5 things your crash diet failure could teach you about financial fitness

Ruth Davies 11 August 2014

Ever found yourself frantically researching the latest diet fad as the threat of “swimsuit season” hangs over your head?… fast forward a couple of months and you’ve taken radical measures to lose a few pounds, only to put the weight straight back on again.

This can be a disheartening experience – not to mention dangerous and unhealthy – but what if you could learn from it and apply the lessons to other areas of your life? Research suggests that the way to change your behaviour in the long term is to change your habits, so we’re taking a look at how your crash diet failure could help you to take back control of your money.

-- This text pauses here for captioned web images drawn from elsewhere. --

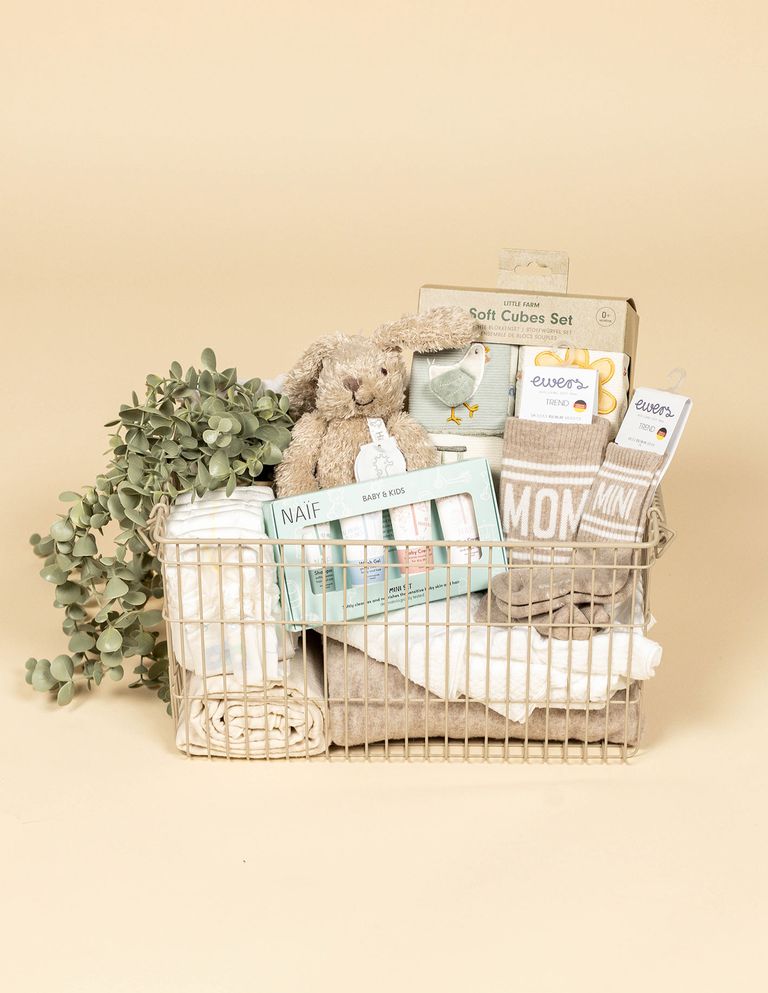 Kraamcadeaus en geschenksets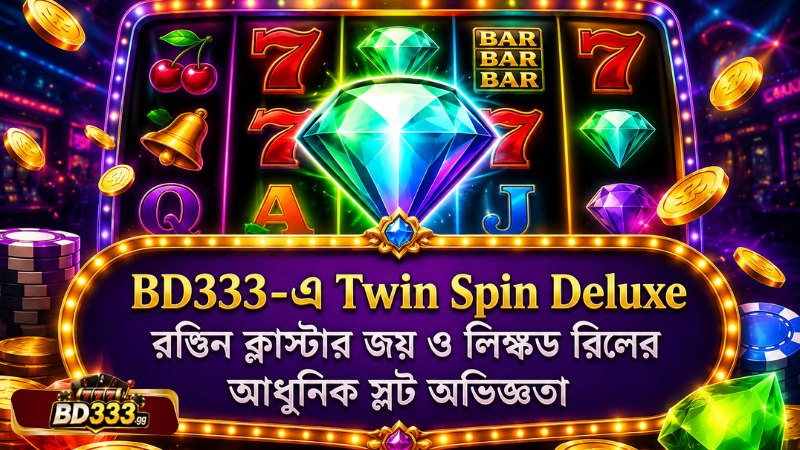 Twin Spin Deluxe
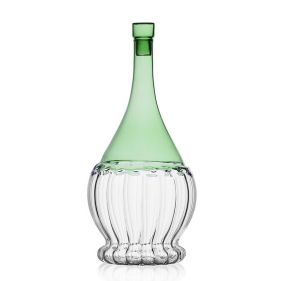 GREEN FLASK - قنينة خضراء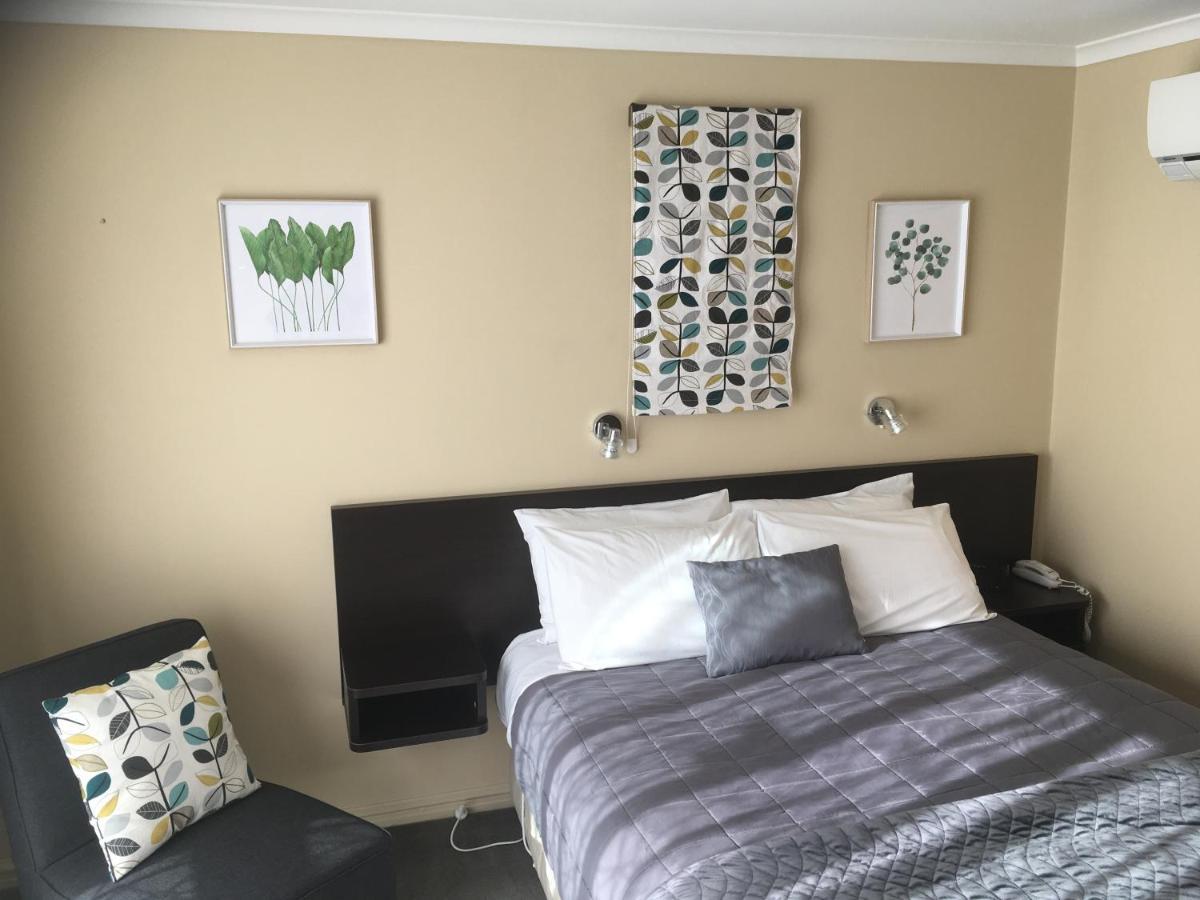 Kauri Motel On Riccarton Κράισττσερτς Εξωτερικό φωτογραφία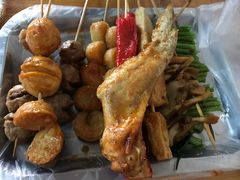 -陈氏老字号十三小炸炸店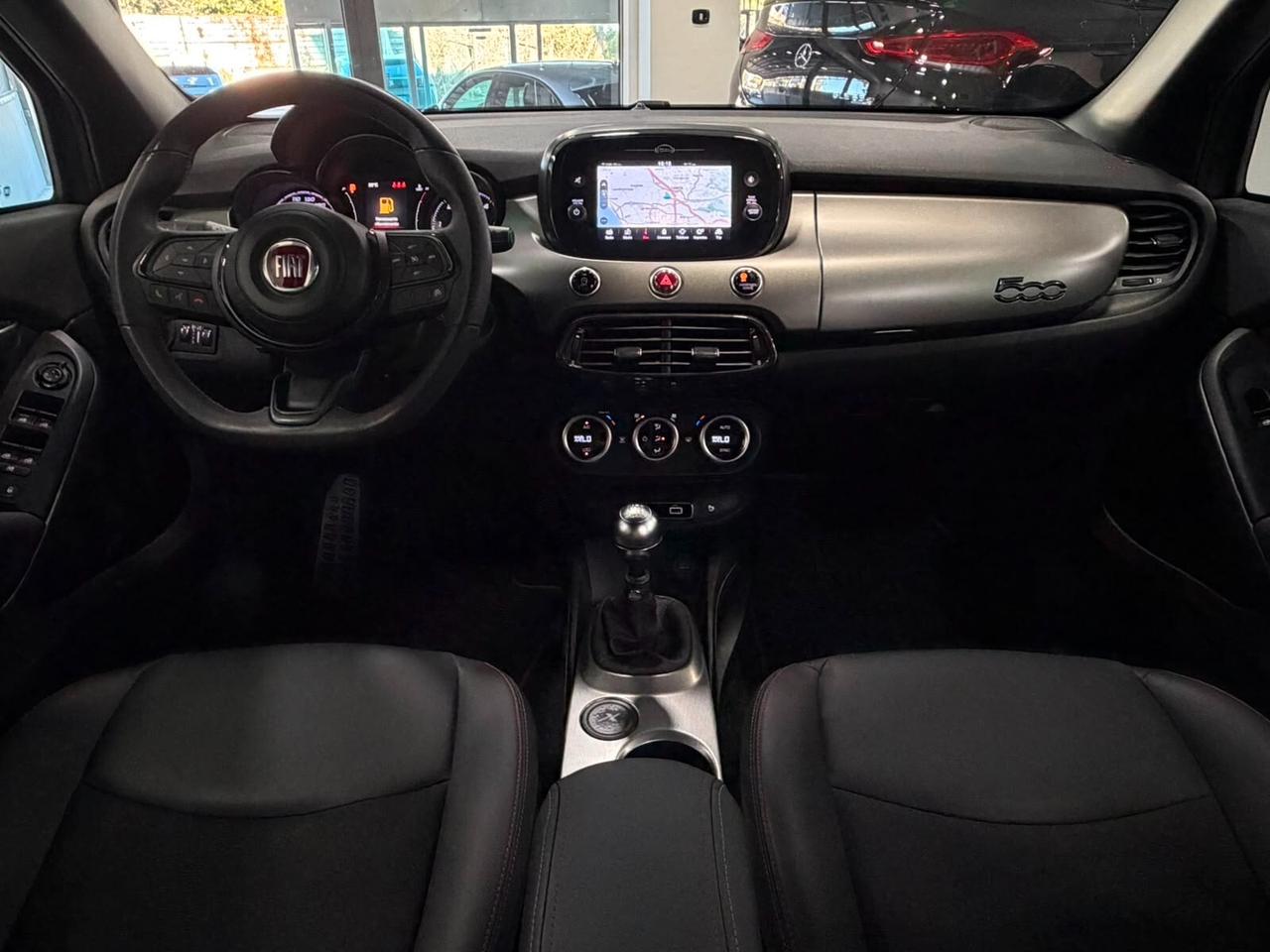 Fiat 500X 1.6 MultiJet 130 CV Sport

1. Focus on the big picture

Crash dieting normally requires you to focus entirely on the minute details of the here-and-now, without giving much thought to the future – which often means that little long-term change is achieved. This can also be a problem when it comes to the way you manage your money. Sitting down and making a monthly budget is easy, but it doesn’t give you the full picture of your financial health. As well as curbing your spending in the short term, you need to make sure that your plan is working towards your long-term financial goals. For example, once you’ve decided to save some money by cutting out takeaways, what are you going to use it for?

2. Your goals need to be achievable

Another mistake often made by the crash dieter is aiming for a goal that simply isn’t realistic; for example, telling yourself that sticking to a diet for a month will make you look like Beyoncé is simply setting yourself up to fail. Equally, aiming to become a multi-millionaire in six months is probably an unrealistic money goal and therefore pointless. Instead, take an in-depth look at your whole financial picture and work out what you can realistically achieve, then set smaller goals which will help you regularly measure your progress.

3. Remember to treat yourself

People say that the secret to healthy eating is “everything in moderation”. If your dieting regime is too harsh, it can be very easy to lose motivation. What usually happens is that, when you inevitably do falter from your ultra-strict diet, the voice in your head says something like “oh well I’ve already failed, so I might as well eat that cake.” The same thing can happen with your monthly budget; when you say “I’m not going to spend any money on X this month” it’s only a matter of time before you crack and end up going on a huge spree. Clearly this isn’t a sustainable strategy; make sure your financial plan includes having some fun!

4. Stay positive

When you’re on a diet, it can sometimes feel like cakes and chocolate are suddenly everywhere. Focussing on the things you’re giving up can make the process stressful, as well as making you more likely to crack and give into temptation. The same applies if you’re trying to put aside a significant amount of money. Instead of dwelling on the sacrifices you may be making, concentrate on where you’ll be when you’ve achieved your goal; how will you feel when you’ve finally saved enough for a house deposit, or cleared your credit card debt?

5. Don’t give up when it gets difficult

Because crash diets are so extreme and solely for the short-term gain, it can be tempting to give up when it gets hard. The route to better physical – and financial – health isn’t always easy, but if you put in the effort you can reap the rewards. MoneyHub can help you along the way, putting you right at the centre of your financial world, helping you to make the right choices and enabling you to quickly adjust your plan if something goes wrong.

If crash dieting hasn’t worked for you, maybe it’s time to learn from your mistakes and apply those lessons to your finances.